Segundo Rodrigo Carelli, procurador do trabalho e professor da Universidade Federal do Rio de Janeiro, em artigo de 2016, intitulado Os 5 mitos da Justiça do Trabalho
:
O segundo mito [sobre a Justiça do Trabalho] é que a legislação trabalhista é antiga, tem mais de 70 anos, e por isso ultrapassada. De fato, a Consolidação das Leis do Trabalho original é do ano de 1943, porém, dos 510 artigos que compõem a parte de direito individual do trabalho, somente 75 permanecem com a redação original, ou seja, apenas 14,7% dos dispositivos não sofreu atualização.
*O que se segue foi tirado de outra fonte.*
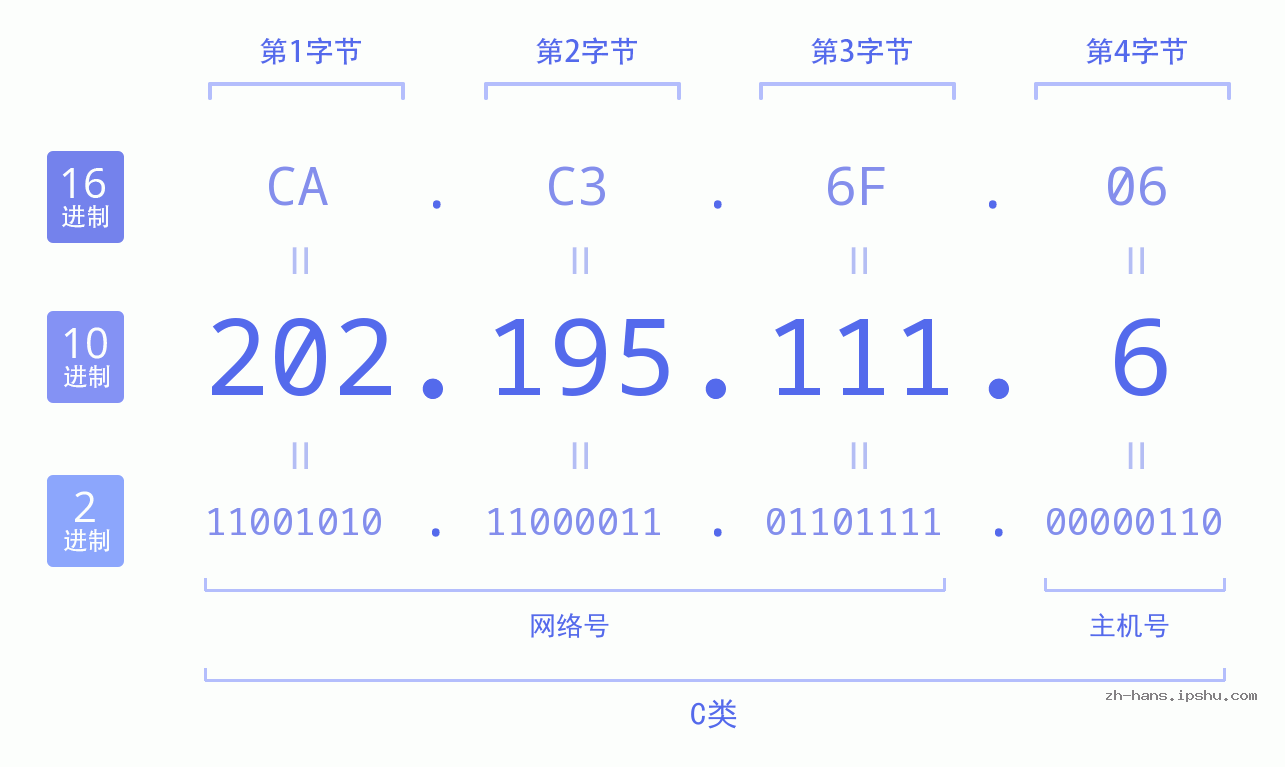 IP地址:202.195.111.6 数据结构图 二进制 十进制 十六进制 IPv4: 202.195.111.6 网络类型 网络号 主机号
Além disso, há dezenas de leis esparsas tratando de novas formas de contratação que não estão inseridas no bojo do diploma legal principal, a CLT. (CARELLI, 2016. Grifo deste autor).
O juiz do trabalho [desembargador] Jorge Luiz Souto Maior também destaca que:
(...) o problema é ainda maior porque parte do segmento empresarial não se contenta em descumprir a lei, pois busca meios para agir dessa forma como se tivesse o direito de fazê-lo, utilizando-se da retórica de que a lei trabalhista é retrógrada, velha, ultrapassada ou de inspiração fascista. (...)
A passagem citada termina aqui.